La telenovela, que se estructura en 177 episodios (de alrededor de 50 minutos cada uno), transcurre con las habituales dispersiones de los culebrones. Sin embargo, avanza entre otras cosas gracias a un sano balance entre drama y comedia (que trae a la mente a Jorge Amado), a veces en la farsa. Gracias al humor es digerible el melodrama y pueden prosperar temas incómodos (y hoy políticamente incorrectos), como un marido polígamo, o el esbozo del “síndrome del poste”, que consiste en que “todas quieren un hombre recargado en ellas”, o se puede decir en más de una ocasión que “el hombre es burro”. Así sigue su curso más de un romance, como el de un hombre maduro que no duda en mentir para realizar su sueño: tener un casamiento vestido de blanco, como otrora anhelaban los personajes femeninos telenoveleros.
Algunos personajes no escapan al estereotipo, pero en general están perfilados más allá del maniqueísmo, con trazos que no se limitan al blanco y negro. El personaje más abyecto también puede ser proclive a la ternura. Nina, una vengadora que trae a la memoria al Conde de Montecristo, guarda en su corazoncito tanto amor como rencor; es tan osada como torpe, dispuesta con similar frenesí al encarnizamiento como al casamiento. En este paisaje sobresalen pasajes y paisajes dramáticos y parlamentos notables.

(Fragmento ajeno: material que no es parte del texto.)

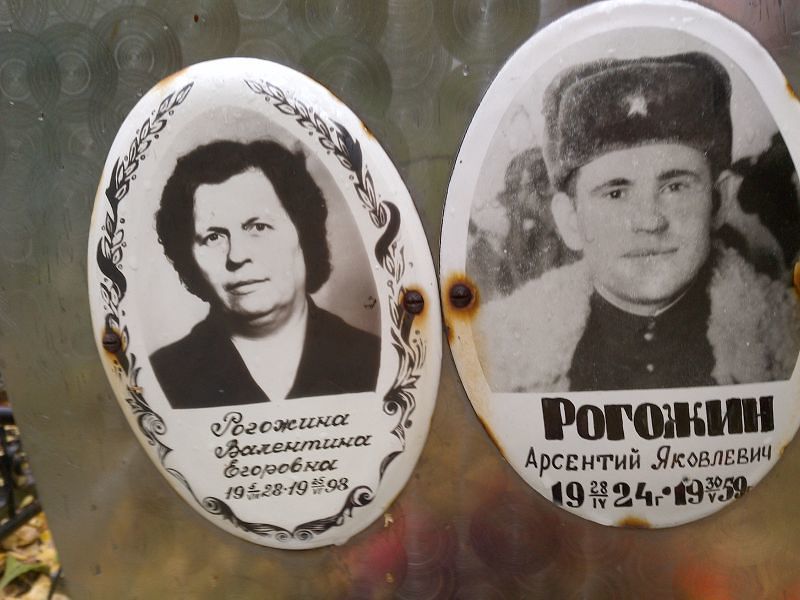 Рогожина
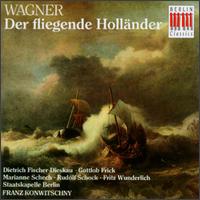 Richard Wagner: Der Fliegende Holländer von Various Artists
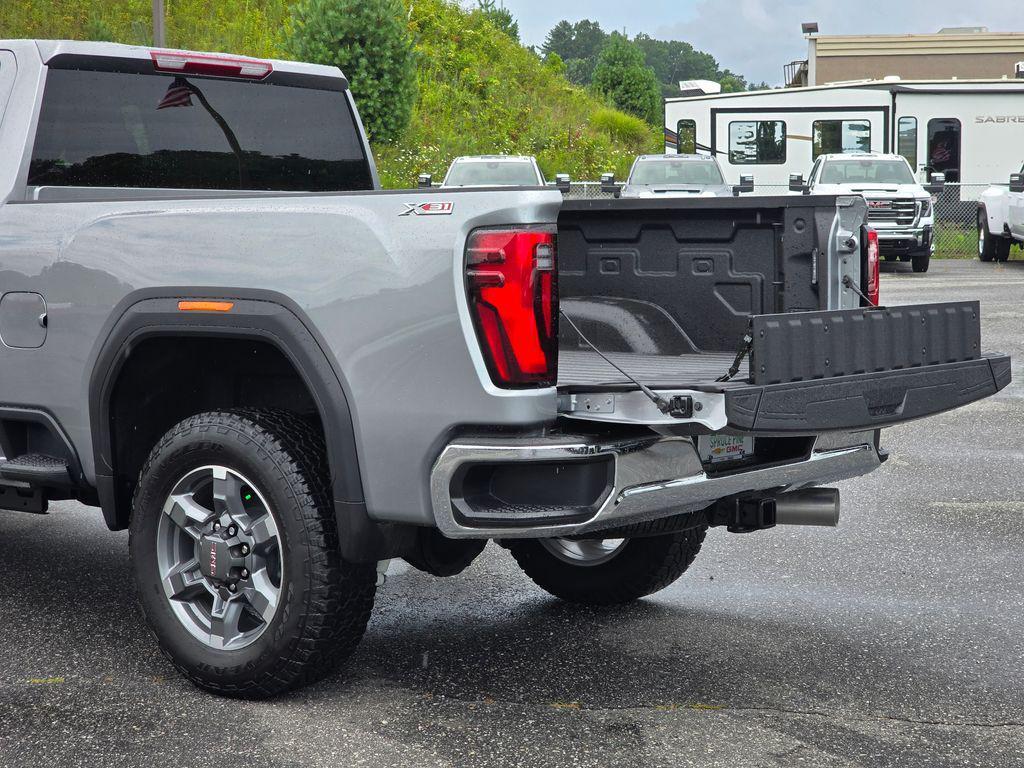 new 2025 GMC Sierra 2500 car, priced at $74,721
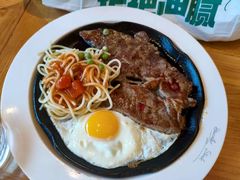 -豪客来牛排(红豆万花城店)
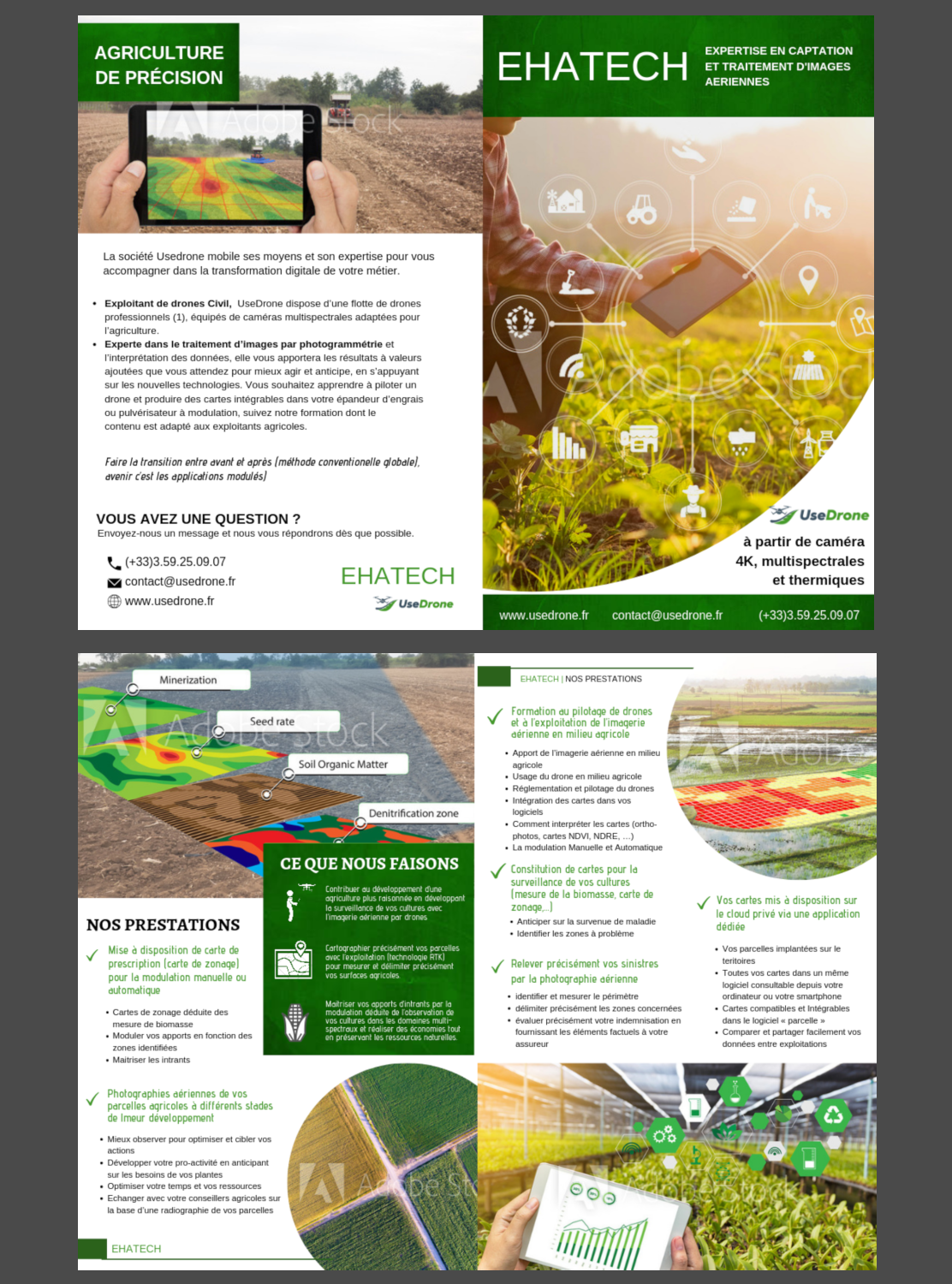 Brochure Design by AnneWanjiku for EHATECH | Design #21780389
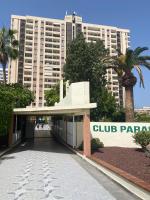 The building in which Az apartmant is located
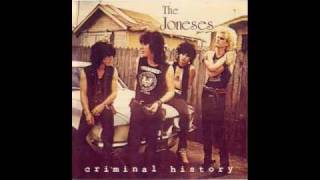 The Joneses - Pill Box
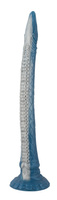 Uramoros – wąż wiecznej ekstazy. Fantasy dildo jak długi, gibki wąż. Silna przyssawka. Dł. 46 cm, wkładane 42 cm, Ø 5,2 cm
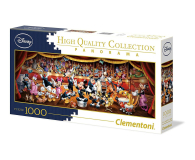 Clementoni Puzzle Panorama Disney Orchestra - 417023 - zdjęcie 2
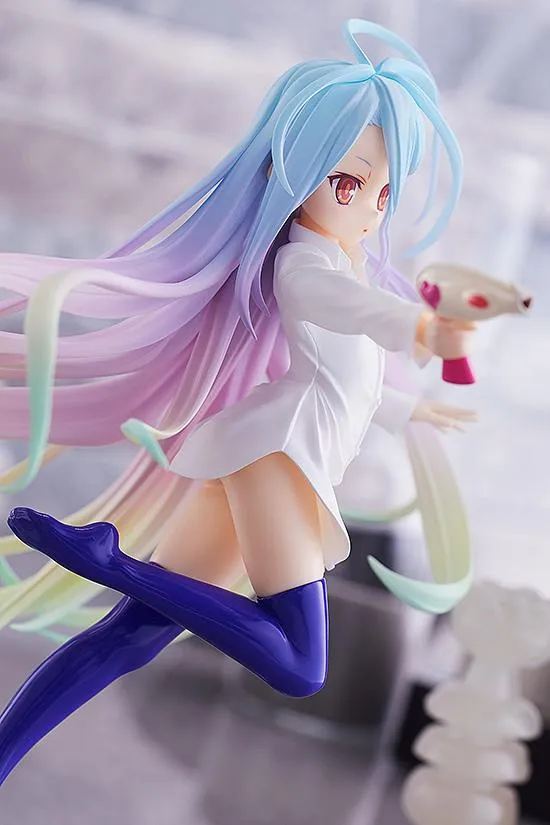 [Pre-order] No Game No Life - Shiro: Sniper Ver. (re-run) POP UP PARADE Figure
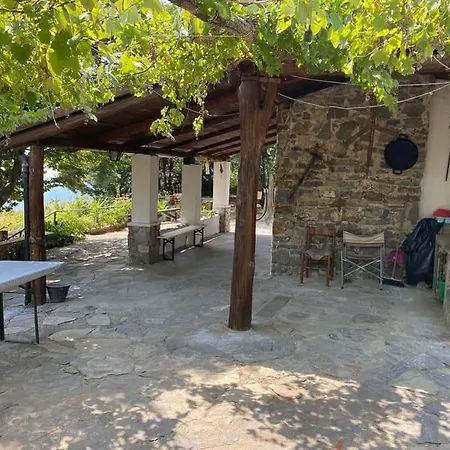 Area Camper Area Picnic Campeggio Verbicaro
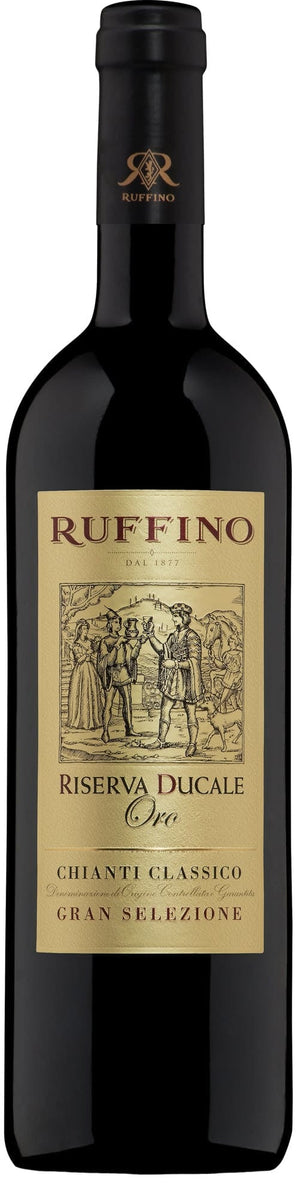 RUFFINO RSV DUCALE ORO 750ML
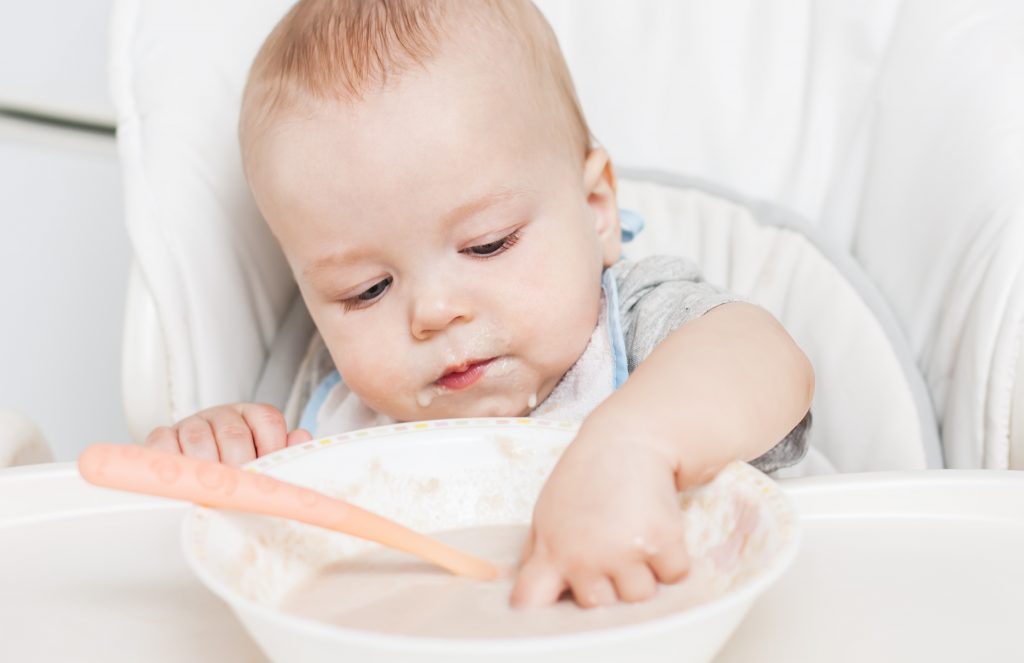 Dampfkochtopf oder Hochleistungsmixer?: Zum Kochen von Babybrei ist kein spezielles Gerät nötig
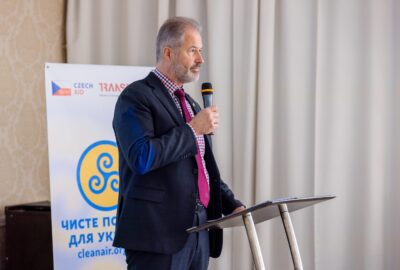 Моменти міжнародної конференції у Львові: зміцнення місцевої екологічної стійкості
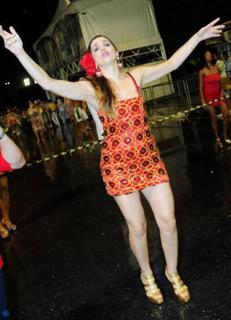 Luiza Ambiel feet photo 2
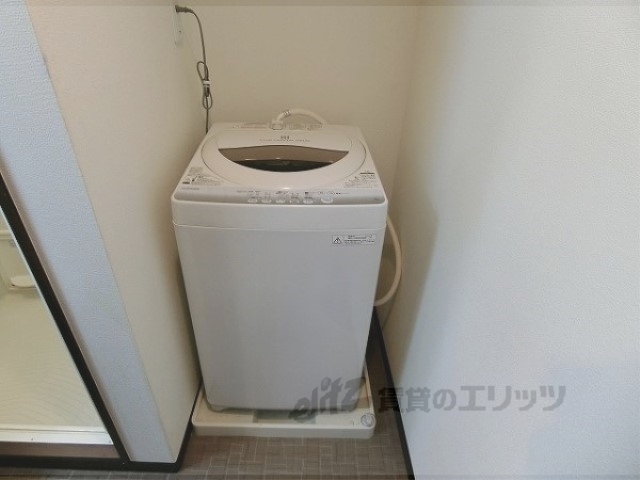 その他部屋・スペース　洗濯機置場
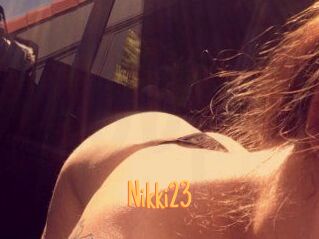 nikki23 Mobile Porno
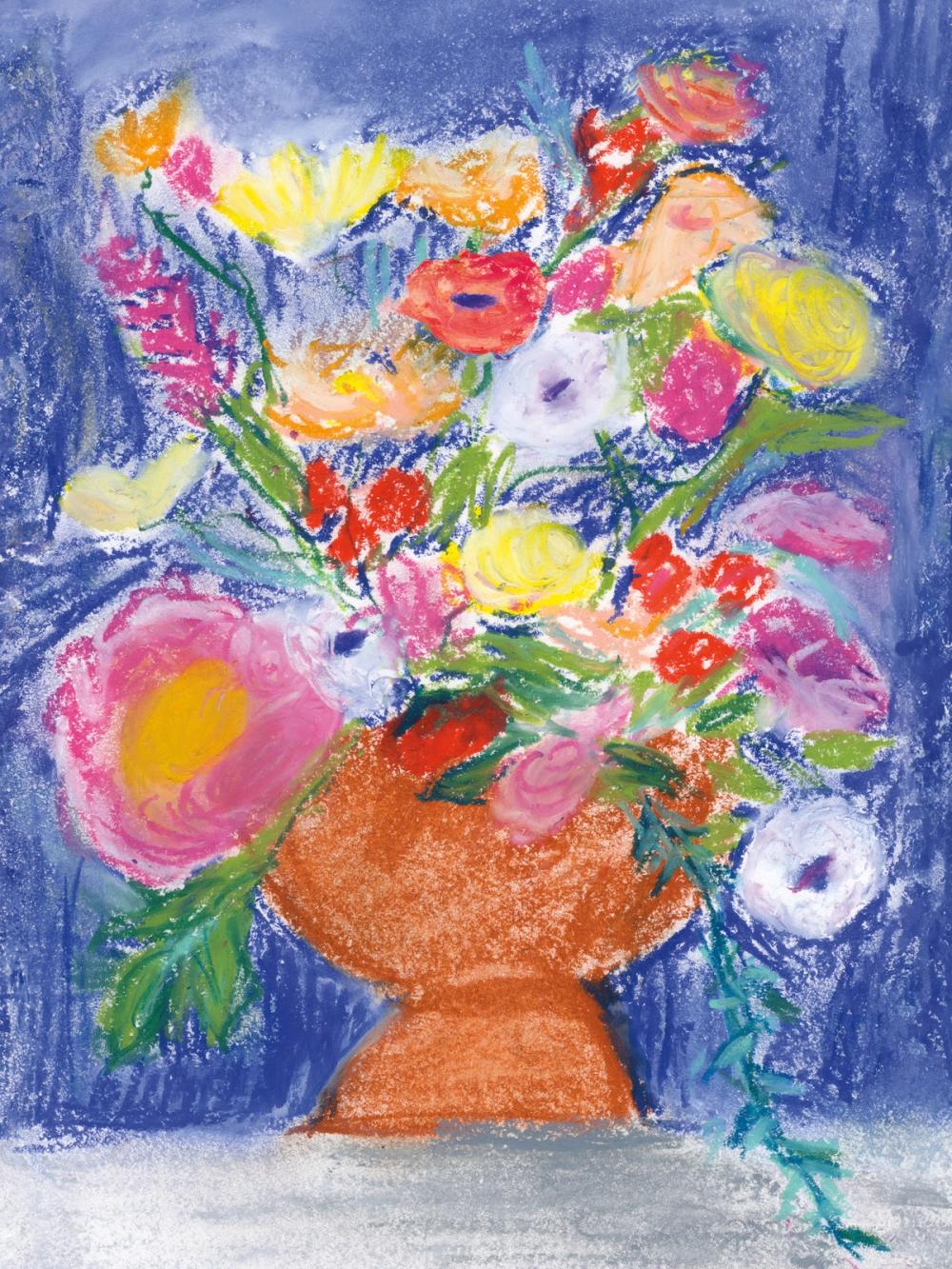 Gathering of Flowers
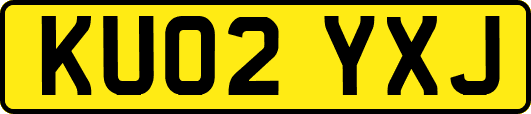 KU02YXJ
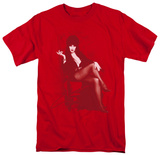 Buy Elvira - Red Chair at AllPosters.com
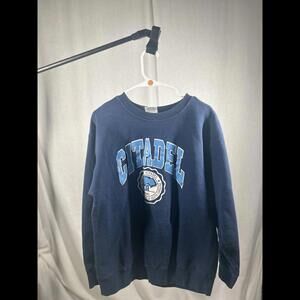 VTG 1990’s Citadel Military College Sweatshirt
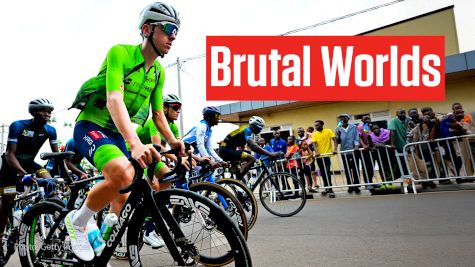 Kigali Before The Storm: Tadej Pogacar's Biggest Test In World Championships 2025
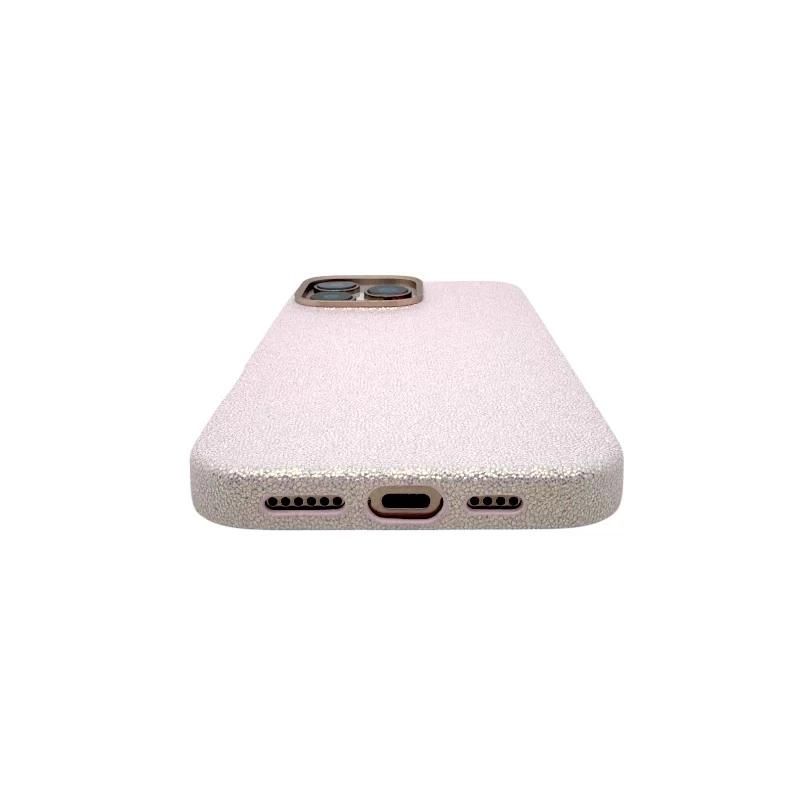 KZDOO Leather Sparkle Case For iPhone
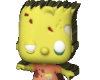 3D Bart Simpson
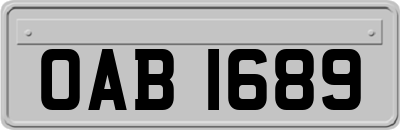OAB1689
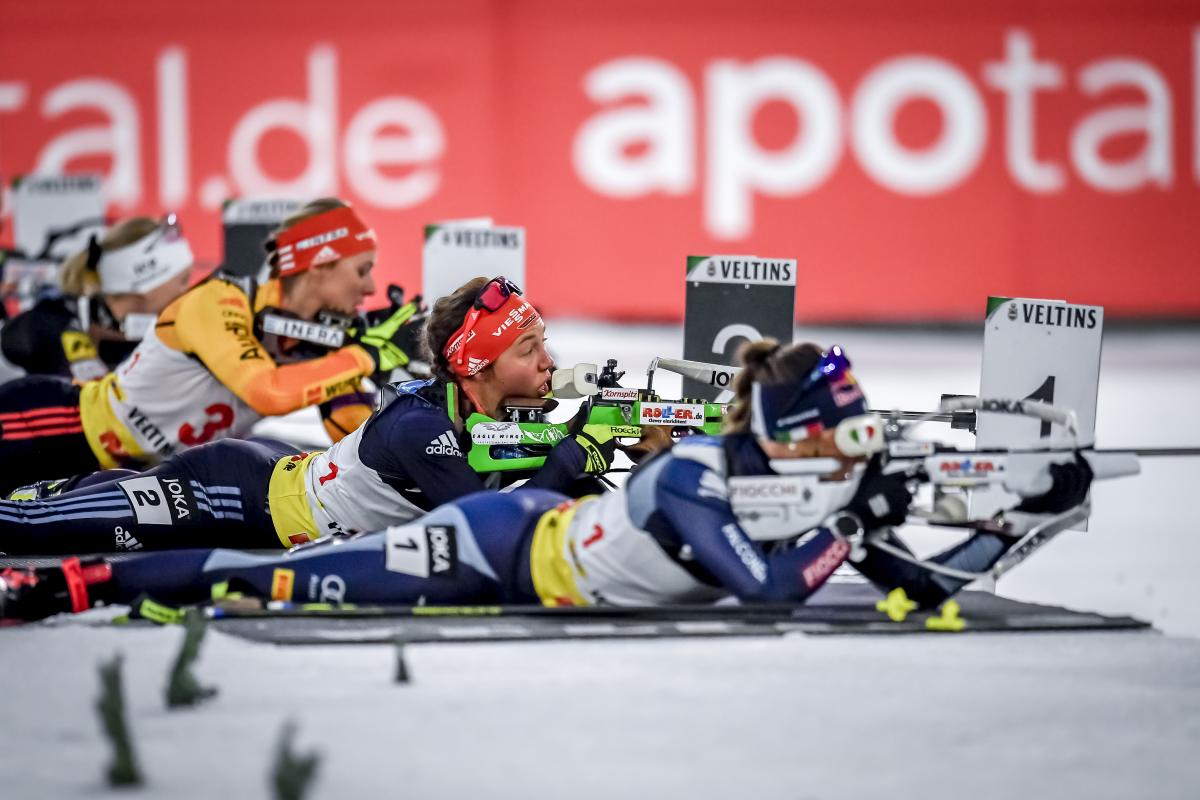 "Різдвяна гонка" очима українського біатлоніста. Що треба знати про World Team Challenge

El tiradero es una locación, pero también un símbolo social: ahí van a parar los desechos humanos (y no es raro que sean los padres quienes ahí dejan a sus hijos); de ahí surgen seres enojados que buscan sobrevivir en un mundo más respirable y no dudan en recurrir al delito para ello. En la grisura así esbozada hay espacio para maternidades manipuladoras, paternidades fallidas, para la tragedia y la lucidez, para aseveraciones alimentadas por la decepción y el dolor, como la que una alcoholizada y odiosa Carminha – una villana memorable que ha sabido sacar ventaja de la manipulación, del chantaje y la hipocresía– lanza por medio de un monólogo elocuente: “El ser humano es algo que da horror. Dios se equivocó. Erró. No es fácil crear el mundo en seis días. Es cosa de hombres. Mal hecho. No resultó”.
Avenida Brasil consigue conciliar en pantalla universos contrastantes; frente a la pantalla aspira a convocar diferentes públicos. El mérito es que entrega valiosa sustancia a todos, algo que desafortunadamente no ha caracterizado al género. En México, desde siempre las novelas educan. Por lo general, para mal. Hoy, en algunos casos, tienen la ambición de concientizar sobre diferentes problemáticas sociales y en algunas ocasiones emprenden críticas valiosas. Ahí hay un bastión valiosísimo para creadores audiovisuales desprejuiciados. De la telenovela se podría sacar bastante provecho, pues está abierta al gran público y se hace presente ahí donde el cine nacional ni siquiera sueña con llegar.
Avenida Brasil, cuyos temas son bastante latinoamericanos, pone un espejo a otras sociedades. Ya inspiró Avenida Perú. De este lado del espejo por acá dominamos bien esos temas. ¿Algún día veremos Avenida México en la pantalla?